After lunch we drove the 18 km of twisting mountain roads to Roncesvalles (or, in Basque, Orreaga.) The small town is just across the Spanish border and has been an important stopping-place on the Way of St James since the twelfth century, but is also famous for an earlier event. It was here in 778 that that the rearguard of Charlemagne’s army, led by the legendary hero Roland, were ambushed and slain by the Saracens, according to legend, but in reality by the Basques who were rather miffed that Charlemagne had just sacked their city of Pamplona. According to one legend, Roland blew his famous horn but Charlemagne was too far away to come to his rescue. In another version he was too proud to call for help and was overwhelmed. Either way he passed into legend, and is the origin of Childe Roland in the poem by Robert Browning, and ultimately of Roland the gunslinger in Stephen King’s “Dark Tower” fantasy saga. It was easy to picture a scene of death and defeat in the dank, brooding surroundings of Roncesvalles, though on a sunny day the views of the surrounding Pyrenees must be lovely.

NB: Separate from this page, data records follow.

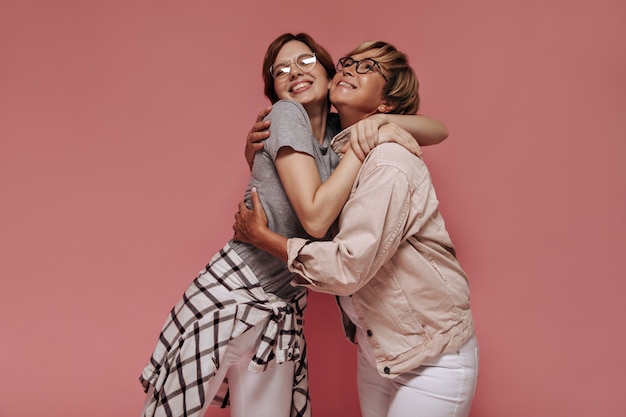 Linda morena com óculos em t-shirt cinza, calça branca e camisa xadrez, abraçando uma mulher loira sorridente em uma jaqueta bege em pano de fundo rosa.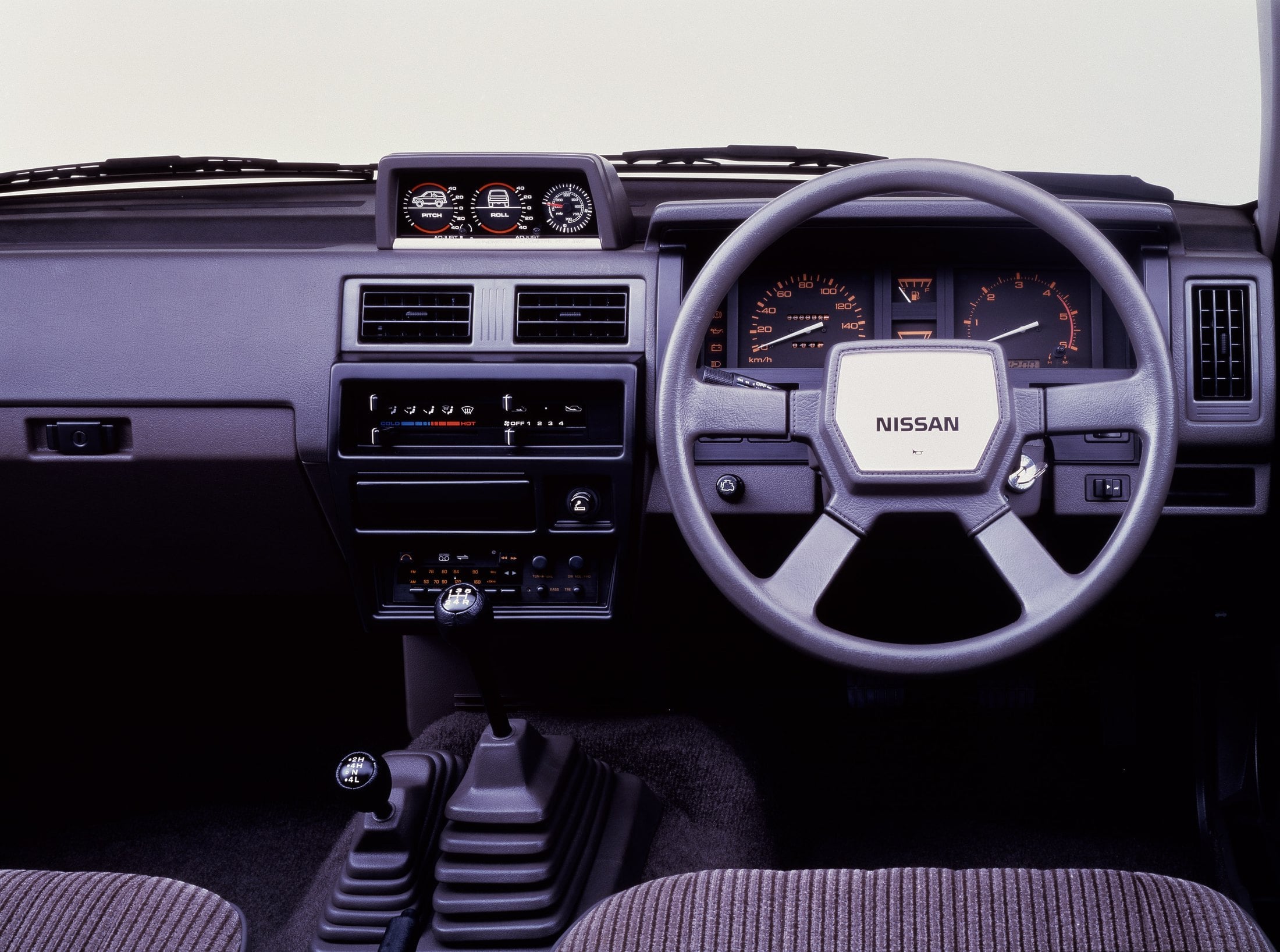 Official Nissan press photo of the 1986 Terrano R3M dashboard with inclinometer pod, five-speed and transfer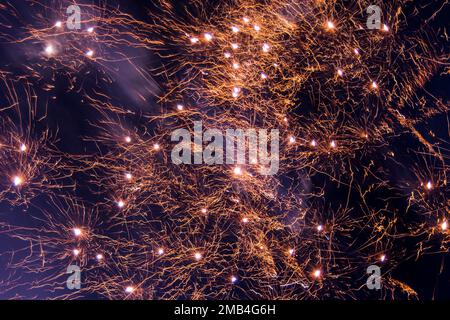 Fireworks in the night sky. Thousands of exploding colors and lights tear the sky. Stock Photo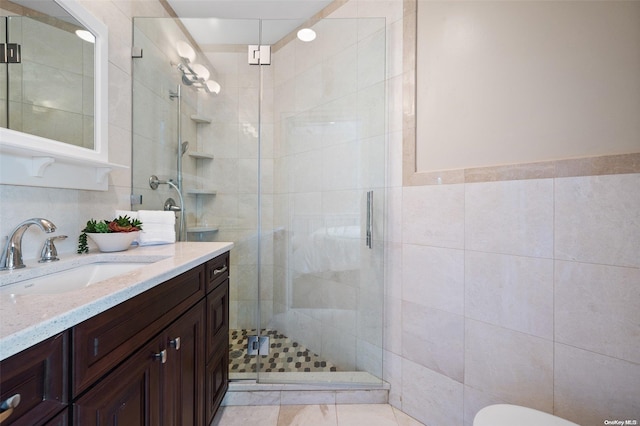 bathroom featuring walk in shower, vanity, and tile walls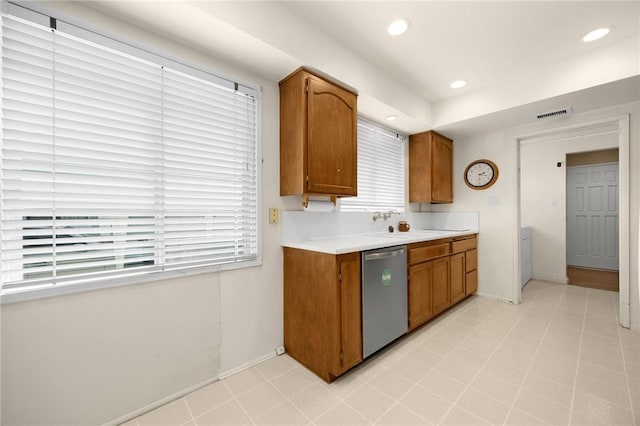 4159 Redline Dr, Lakewood, CA 90713 - kitchen featuring dishwasher, light countertops, brown cabinets, and recessed lighting
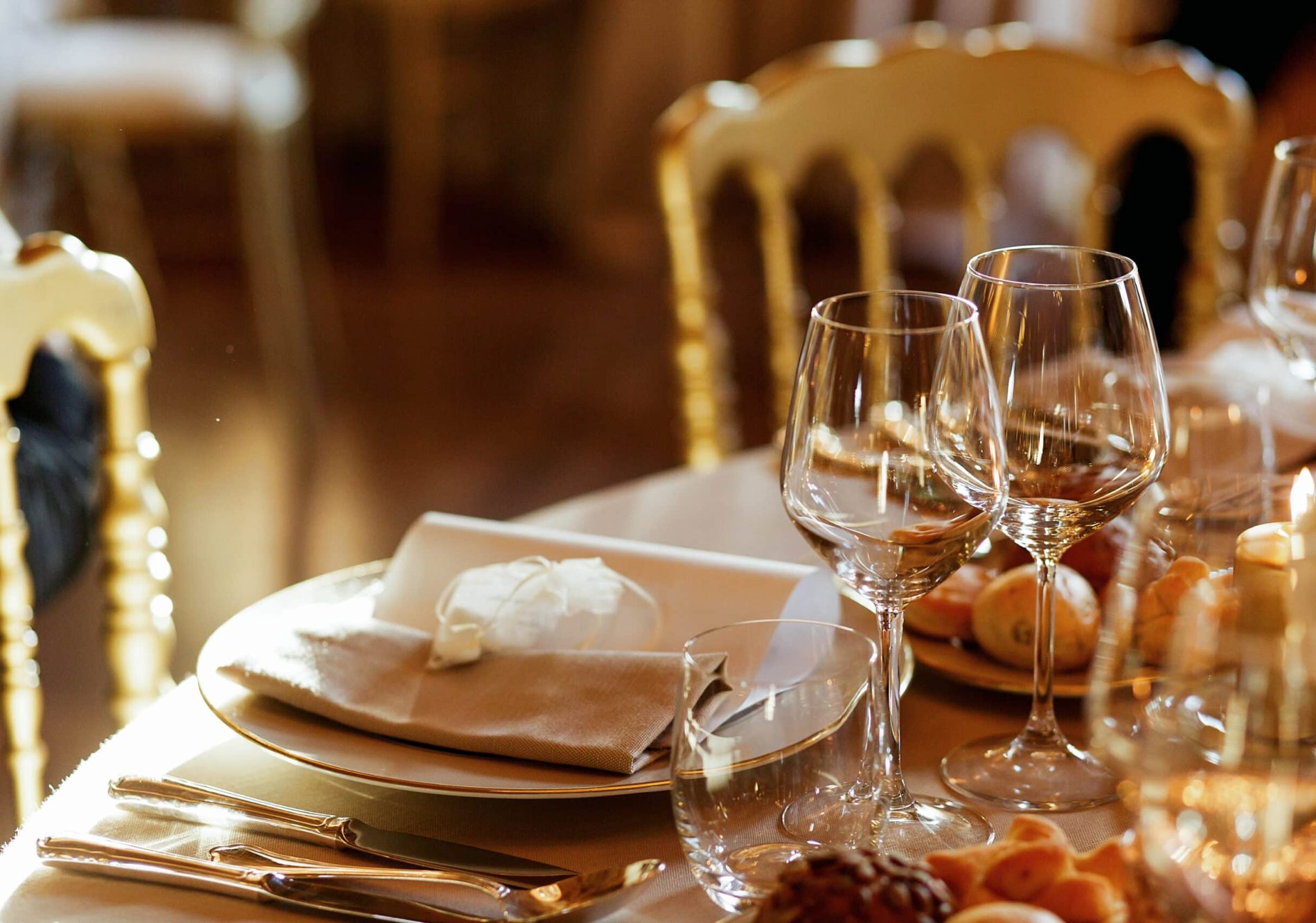 Close-up of shiny glassware standing behind dinner plate
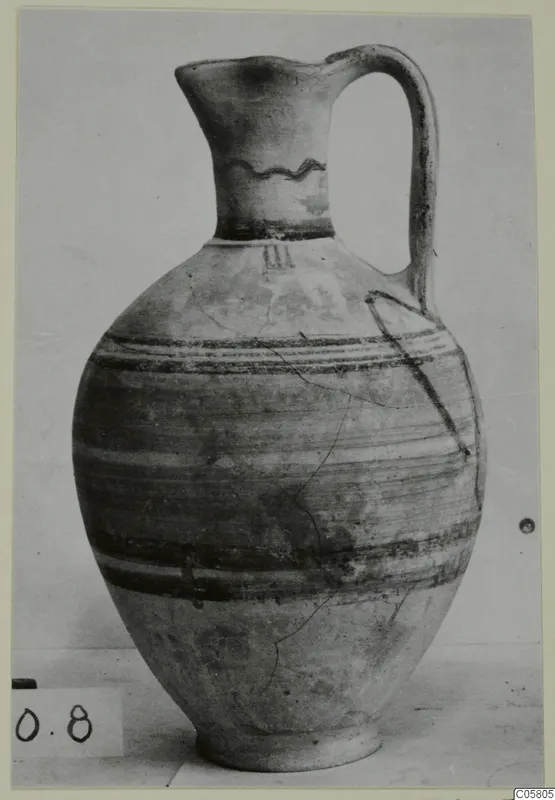 Jug with a single handle, painted bands and a wavy line on the neck, from Marion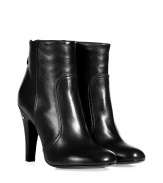 With their sleek stretch nappa and streamlined patterning, Laurence Dacades black lambskin ankle boots are as versatile as they are chic - Round toe, exposed metal back zip, covered leather heel - Hits just above the ankle - Wear with everything from tights and skirts to skinny jeans and pullovers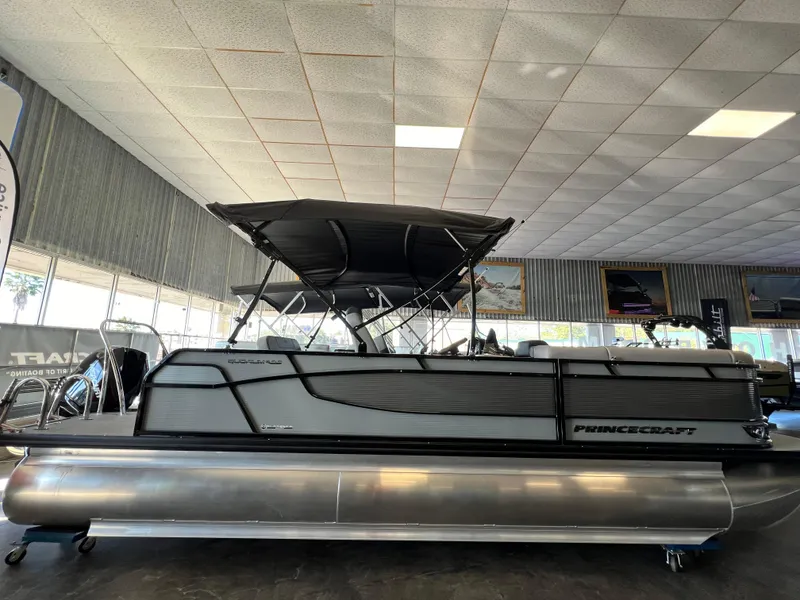 The Image of 2024 Princecraft Quorum 23 RL pontoon boat in showroom, side view. - 0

It’s an odd sort of a town, with hardly any houses, no shops, just a huge grey church and religious buildings, a pilgrim hostel and a couple of hotels. Back at the campsite a large Dutch rally had arrived. No wonder it was raining. On our big trip last year we found that wherever there was a Dutch rally, the heavens opened!
We planned to leave St Jean the next day. It would have been a very nice campsite, if the weather had been better. The facilities were good (apart from the too-hot water), there was a large cafe/bar, a swimming pool, very pleasant rural surroundings with mountain views, and lots of interesting places to visit. But under lowering damp clouds even the best places look unattractive! So we'll continue along the Camino to Pamplona, and hope for some sunshine!